This particular stamp set has been featured on my blog numerous times. Why, you ask? Because it is so beautiful for this time of the year -- and I LOVE it! It is so much fun to work with because there are virtually endless possibilities for it. Techniques, I mean.
And, once again, having endured a Wisconsin winter, we are all so ready to see these beautiful blossoms appear in person. I'm just getting a head start.
|EMBOSS RESIST SPRING BLOSSOMS|
The other night, I was really in a mood to work with an emboss resist. But I wanted to do it a little differently than I had any time in the past.
Using Whisper White cardstock, I first of all, ran my Embossing Buddy over it to remove any static and prevent stray embossing powder where I didn't want it.
I stamped the image carefully in VersaMark ink. Then, at the Heat Station, I covered the sticky stamping with white embossing powder.
Although watching embossing powder heat up and turn shiny and raised is always a cool magic to witness, for some reason, it is especially gratifying to watch this particular stamped image go through the embossing process.

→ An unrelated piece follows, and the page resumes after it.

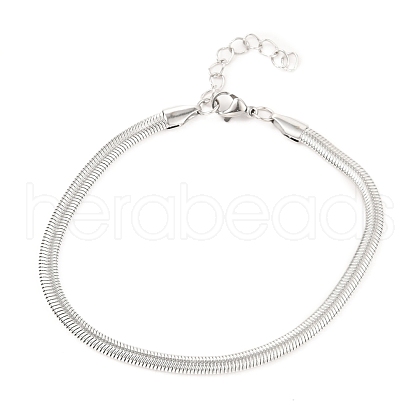 Tarnish Resistant Unisex 304 Stainless Steel Herringbone Chain Bracelets BJEW-H541-01B-P-1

Once the white embossing was cooled sufficiently, I used Sponge Daubers with Pink Pirouette ink on the blossoms, Wild Wasabi on the leaves and Crumb Cake on the bit of stem that shows.

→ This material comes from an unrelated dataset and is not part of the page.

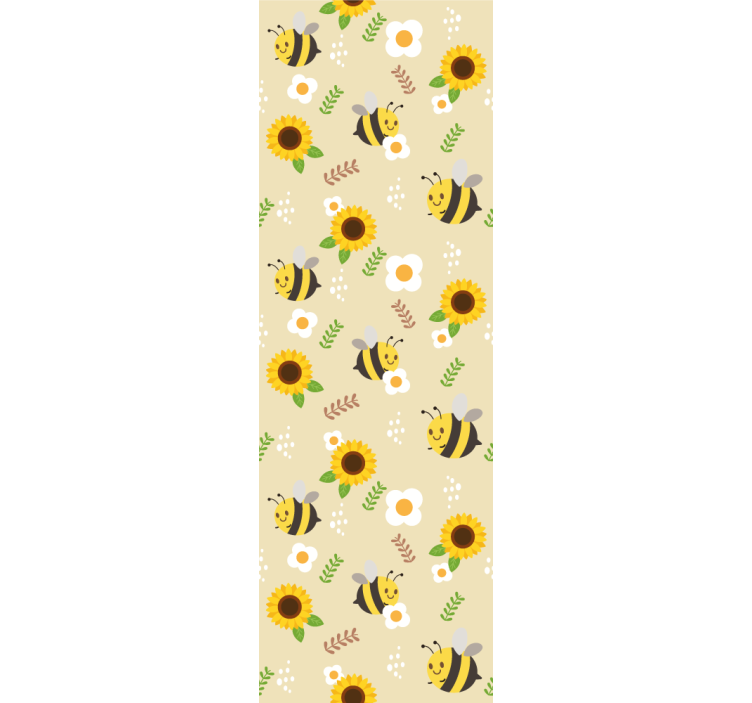 Buzzy Sunflowers animal wallpaper - TenStickers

Since the Sponge Daubers were larger than the blossoms I was inking, especially on the stem, leaves and buds, and even though I was being super careful in my inking, some of the ink -- no surprise -- went outside the lines. Oh no!!
WARNING: PHOTO BOMB! While I was taking my photos this morning, my Fred decided to check out the action.

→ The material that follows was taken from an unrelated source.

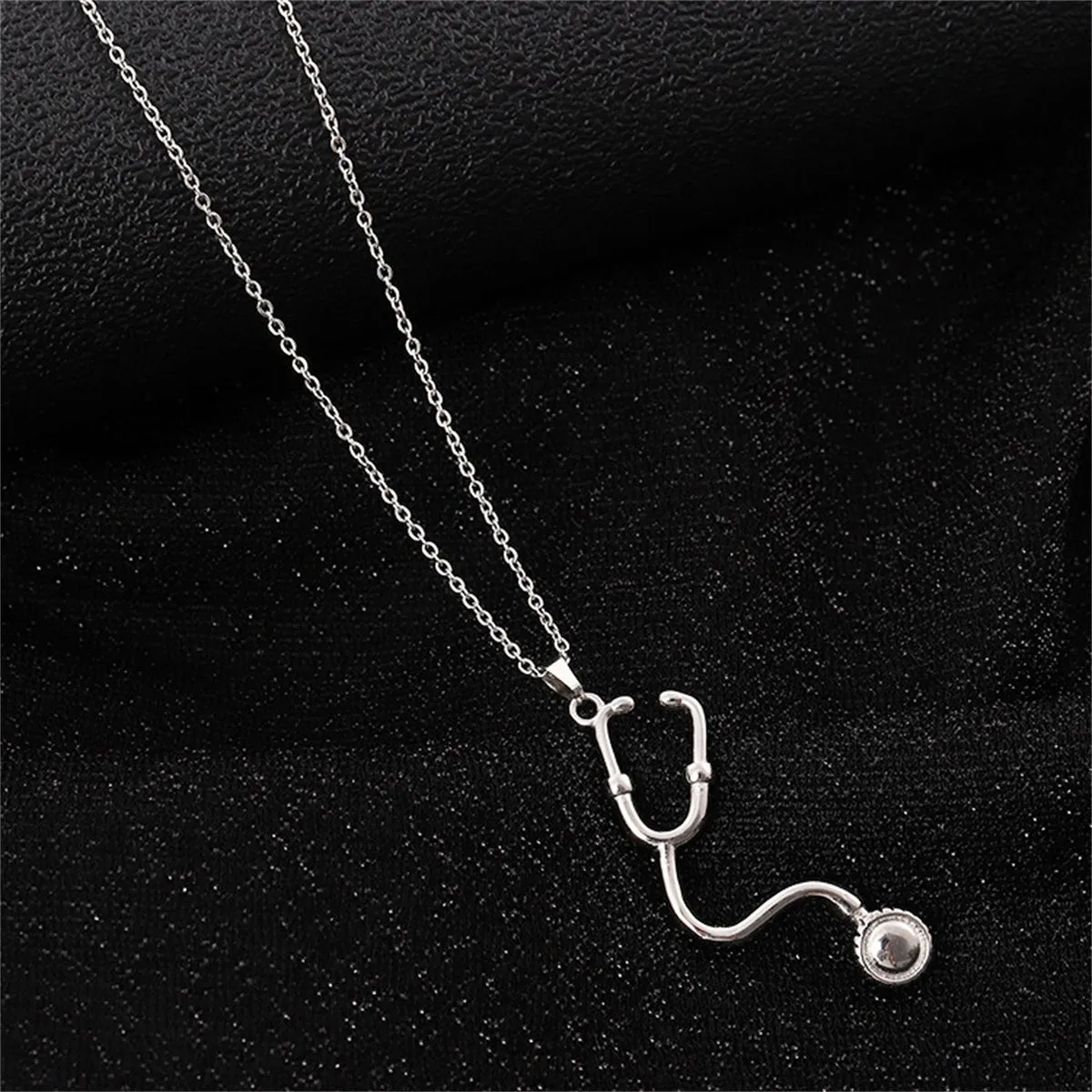 Silver-Plated Stethoscope Pendant Necklace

To rectify the outside the lines situation -- although it didn't bother me all that much -- I grabbed my Prismacolor Pencils and went to work with about 12 different colors of pencils. I used the colored pencils sort of like you would use Copic Markers when coloring an image.
My first layer was my light coat of inked color. Working with that base color, I added lighter and darker shades of similar colors.
The green of the leaves showed so much around the leafy areas, I decided to play with that green and I incorporated some of the same hue into my shading on the flowers. Because green and pink combined make a sort of brown, it worked wonderfully.
Once Fred checked everything out and knocked down my trifold for photographing, he settled in and became part of the photo shoot.
To work everything together into a cohesive unit, I added the green all around the image, fluffed out my colored pencil marks and gave the finished piece a delicate, dreamy appearance.
Although the finished piece measures the same as a traditional card front, 4 1/4" x 5 1/2", I decided not to create a card from it. So, right now it is settled on an easel.
Have your creative endeavors brought you anything a little different lately? Can you share with us?